In [230]:
import pandas as pd
import numpy as np
import requests
from bs4 import BeautifulSoup
import yfinance as yf
import time
from tqdm import tqdm
import matplotlib.pyplot as plt #not needed to run program
import datetime
import logging
from pypfopt import risk_models, expected_returns, EfficientFrontier, objective_functions
import itertools
import warnings
import plotly.express as px

In [65]:
logging.basicConfig(format = '%(asctime)s:%(levelname)s :%(message)s',
                        datefmt = '%Y-%m-%d %H:%M:%S',
                        filename = 'logs/run_main.log',
                        level=logging.INFO)

**1. Get current DAX constituents from wikipedia**

In [66]:
def replace_by_freq(dataframe, column_name, threshold, new_value):

    """
    Replace values in a column of a DataFrame based on their frequency count.

    Args:
        dataframe (pandas.DataFrame): The DataFrame to modify.
        column_name (str): The name of the column to replace values in.
        threshold (int): The frequency threshold. Values appearing less than this threshold will be replaced.
        new_value: The new value to replace the infrequent values with.

    Returns:
        pandas.DataFrame: The modified DataFrame with values replaced.

    Raises:
        KeyError: If the specified column is not found in the DataFrame.
        
    """

    try:
        unique = dataframe.groupby(column_name)[column_name].transform('size').lt(threshold)
        dataframe.loc[unique, column_name] = new_value
    except KeyError as ke:
        print(f'Column ', ke, 'is not found in a dataframe')
    
    return dataframe

In [67]:
def dax40_wikipedia_constituents():
    
    """
    Retrieve the constituents of the DAX40 index from Wikipedia (https://en.wikipedia.org/wiki/DAX).

     Args:
       None

    Returns:
        pandas.DataFrame: DataFrame containing the DAX40 constituents.

    Raises:
        Exception: If the website URL is unreachable or does not exist.
        Exception: If the 'constituents' table cannot be found on the website.
        Exception: If there is an error while extracting columns from the table.
        KeyError: If there is an issue with the column index of the 'constituents' table.

    """

    url = 'https://en.wikipedia.org/wiki/DAX'

    #Check if the connection is succesful
    try:
        response = requests.get(url)
        if response.ok:
            soup = BeautifulSoup(response.text, 'html.parser')
        else:
            raise Exception(f'Cannot reach website {url}')
    except:
        raise Exception(f'Website {url} does not exist')

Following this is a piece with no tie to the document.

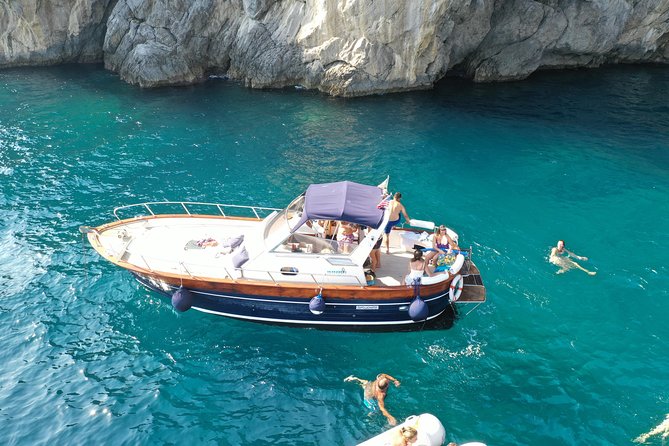 Small Group Boat Tour: Discover the Amalfi Coast from Positano - Drinks, snacks, and the on-board vibe that keeps it fun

    #check if table 'constituents' exists
    wiki_table_id = 'constituents'
    try:
        indiatable = soup.find('table',{'id': wiki_table_id,'class':'wikitable'})
        df = pd.read_html(str(indiatable))
    except:
        raise Exception(f'Table {wiki_table_id} cannot be found in {url}')

    #Extract columns from table
    extract_cols = ['Ticker', 'Company', 'Prime Standard Sector']
    try:
        dax_constituents = pd.DataFrame(df[0])[extract_cols]
        dax_constituents = dax_constituents.rename(columns={'Prime Standard Sector': 'Sector', 'Company': 'Name'})
    except KeyError as e:
        raise Exception((e.args[0]).replace('index', 'column index of table constituents'))

    dax_constituents = replace_by_freq(dax_constituents, 'Sector', 2, 'Other')

    logging.info(f'DAX40 constituents loaded successfully')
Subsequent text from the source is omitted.